A host of earlier biographers (most notably Alan Bullock, Joachim Fest and Ian Kershaw) have advanced theories about Hitler's rise, and the dynamic between the man and his times. Some have focused on the social and political conditions in post-World War I Germany, which Hitler expertly exploited — bitterness over the harsh terms of the Treaty of Versailles and a yearning for a return to German greatness; unemployment and economic distress amid the worldwide Depression of the early 1930s; and longstanding ethnic prejudices and fears of "foreignization."

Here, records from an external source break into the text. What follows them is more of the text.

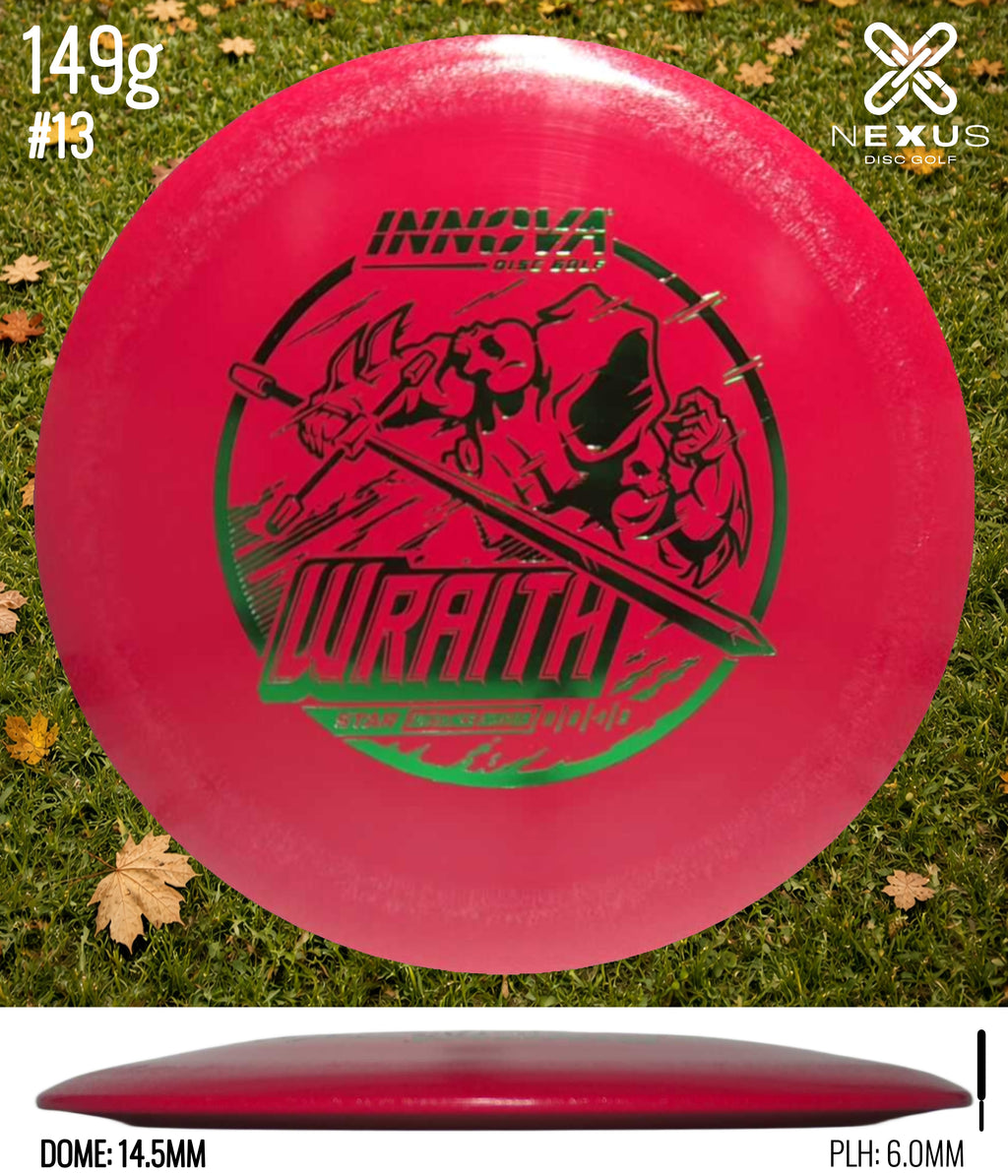 Innova Wraith Star Red/Green 149g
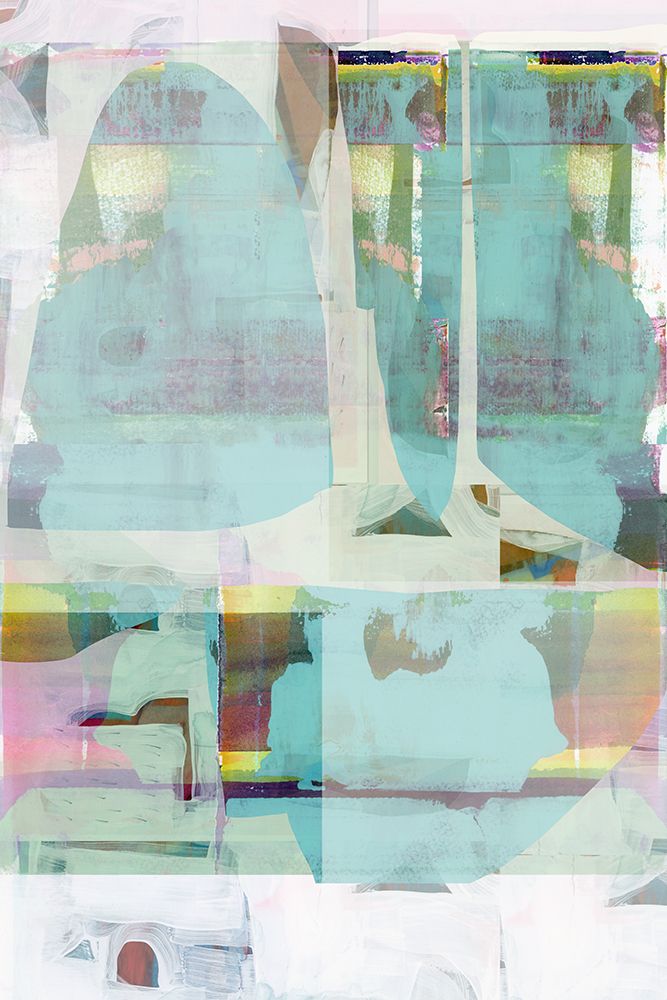 Electric Love I art print by Cartissi for $57.95 CAD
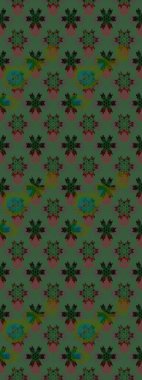 Raster illüstrasyonu. Tekstil veya kitap kapakları, imalat, duvar kağıtları, baskı, hediye paketi ve yapıştırma kitabı için çiçek eskizi geçmişi. Küçük ölçekli çiçeklerdeki basit sevimli desen.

Other writers — including the dictator's latest biographer, the historian Volker Ullrich — have focused on Hitler as a politician who rose to power through demagoguery, showmanship and nativist appeals to the masses. In "Hitler: Ascent, 1889-1939," Mr. Ullrich sets out to strip away the mythology that Hitler created around himself in "Mein Kampf," and he also tries to look at this "mysterious, calamitous figure" not as a monster or madman, but as a human being with "undeniable talents and obviously deep-seated psychological complexes."
"In a sense," he says in an introduction, "Hitler will be 'normalized' — although this will not make him seem more 'normal.' If anything, he will emerge as even more horrific."
This is the first of two volumes (it ends in 1939 with the dictator's 50th birthday) and there is little here that is substantially new. However, Mr. Ullrich offers a fascinating Shakespearean parable about how the confluence of circumstance, chance, a ruthless individual and the willful blindness of others can transform a country — and, in Hitler's case, lead to an unimaginable nightmare for the world.
Mr. Ullrich, like other biographers, provides vivid insight into some factors that helped turn a "Munich rabble-rouser" — regarded by many as a self-obsessed "clown" with a strangely "scattershot, impulsive style" — into "the lord and master of the German Reich."
• Hitler was often described as an egomaniac who "only loved himself" — a narcissist with a taste for self-dramatization and what Mr. Ullrich calls a "characteristic fondness for superlatives." His manic speeches and penchant for taking all-or-nothing risks raised questions about his capacity for self-control, even his sanity. But Mr. Ullrich underscores Hitler's shrewdness as a politician — with a "keen eye for the strengths and weaknesses of other people" and an ability to "instantaneously analyze and exploit situations."
• Hitler was known, among colleagues, for a "bottomless mendacity" that would later be magnified by a slick propaganda machine that used the latest technology (radio, gramophone records, film) to spread his message. A former finance minister wrote that Hitler "was so thoroughly untruthful that he could no longer recognize the difference between lies and truth" and editors of one edition of "Mein Kampf" described it as a "swamp of lies, distortions, innuendoes, half-truths and real facts."
• Hitler was an effective orator and actor, Mr. Ullrich reminds readers, adept at assuming various masks and feeding off the energy of his audiences. Although he concealed his anti-Semitism beneath a "mask of moderation" when trying to win the support of the socially liberal middle classes, he specialized in big, theatrical rallies staged with spectacular elements borrowed from the circus. Here, "Hitler adapted the content of his speeches to suit the tastes of his lower-middle-class, nationalist-conservative, ethnic-chauvinist and anti-Semitic listeners," Mr. Ullrich writes. He peppered his speeches with coarse phrases and put-downs of hecklers. Even as he fomented chaos by playing to crowds' fears and resentments, he offered himself as the visionary leader who could restore law and order.